ŞEYH ALÂEDDÎN RÛŞENÎ
Evliyânın büyüklerinden. İsmi Alâeddîn’dir. Ömer Rûşenî hazretlerinin büyük kardeşidir. Tire yakınında Güzelhisar köylerinden Rûşenî köyünde doğdu. Doğum târihi bilinmemektedir. 1462 (H.867) senesinde Karaman’da vefât etti. Kendilerine âit dergâhın bahçesine defnedildi.
Şeyh Alâeddîn, doğduğu köyde büyüdü. Karamanoğlu karışıklığında Şirvan’a gidip, orada Seyyid Yahyâ hazretlerine talebe olmakla şereflendi. Kısa zamanda velîlik makamlarına yükseldi. Hocasının emriyle Anadolu’ya döndü. Oradan Rumeli’ye geçti. Edirne’de Sultan Fâtih Muhammed Han ile görüştü.
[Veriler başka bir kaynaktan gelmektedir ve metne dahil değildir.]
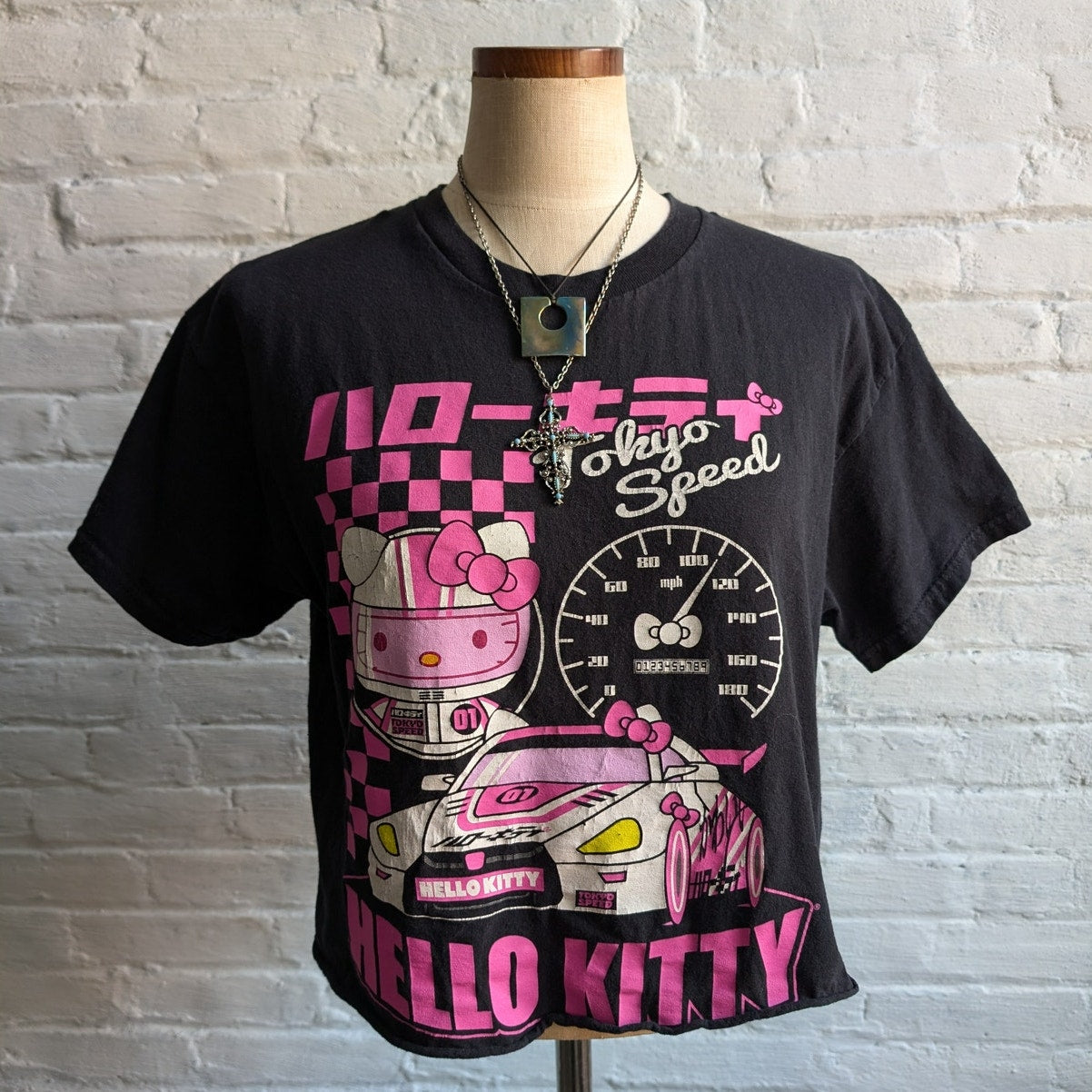 Retro Hello Kitty Graphic Print Cropped Tee Y2K 90s Boxy Anime Drag Racing Top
Sultan Fâtih ve vezirleri ona talebe oldular. Daha sonra Sultan Muhammed Han Edirne’de Tunca kenarında Şeyh Alâeddîn hazretleri için bir dergâh yaptırdı. Rumeli halkını irşâd edip hak yolun bilgilerini öğretmesini istedi. Şeyh Alâeddîn hazretleri bir zaman burada kaldıktan sonra memleketi olan Tire’ye geldi ve Karaman vilâyetine gitti. Larende’de irşâd ile meşgûl oldu. Dergâh ve mescidler binâ ettirdi. Sohbetleri çok tatlıydı.
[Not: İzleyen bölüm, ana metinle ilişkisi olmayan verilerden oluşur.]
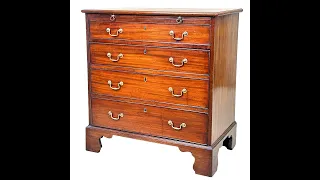 Small Georgian Mahogany Chest With Slide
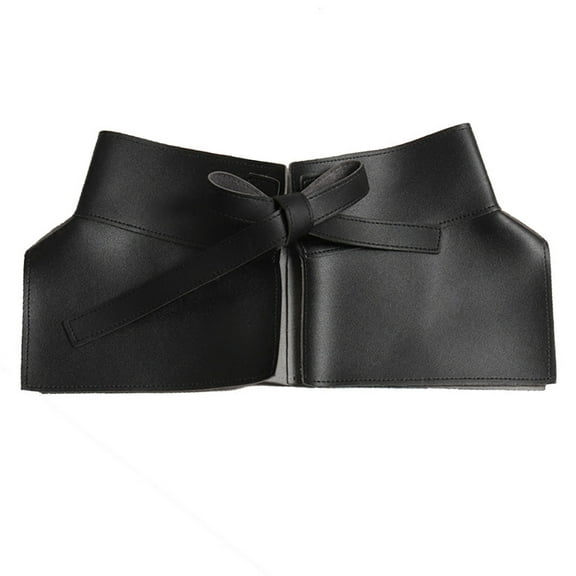 Sardfxul Women Peplum Belt Tie Up Dress Belt Punk Skirt Belt Leather Wide Waistband Adjustable Waist Belt Self-tied Bowknot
Şeyh Alâeddîn hazretleri bir ara Bursa’ya geldi.Tesirli sohbetleriyle insanlara hak yolu gösterdi. Çok kimseler kendisine talebe olmakla şereflendi. O sırada Kaplıca Medresesi Müderrisi Molla Arap, Şeyh Alâeddîn hazretlerinin büyüklüğünü anlayamamış, üstelik sû-i zanda bulunmuştu. Bir gün bir mecliste Şeyh Alâeddîn hazretleri ile bir araya geldi.
Aynı sû-i zan hâli içindeydi. Şeyh Alâeddîn hazretleri bir ara Molla Arab’ın yanına yaklaşıp kulağına; “Yâ Allah!” diye seslendi. Alâeddîn hazretleri kimin yüzüne baksa veya kulağına bir şey fısıldasa, o kişi Allah aşkıyla kendinden geçerdi.
Molla Arab’ın da hâli öyle oldu ve yere düştü. Daha sonra kendine geldiğinde hatâsını anlayıp, Şeyh Alâeddîn hazretlerinden özür diledi.Sonra da ona talebe oldu. Pekçok kimse Molla Arab’ın bu hâlini görüp tövbe ettiler ve hak yola girdiler.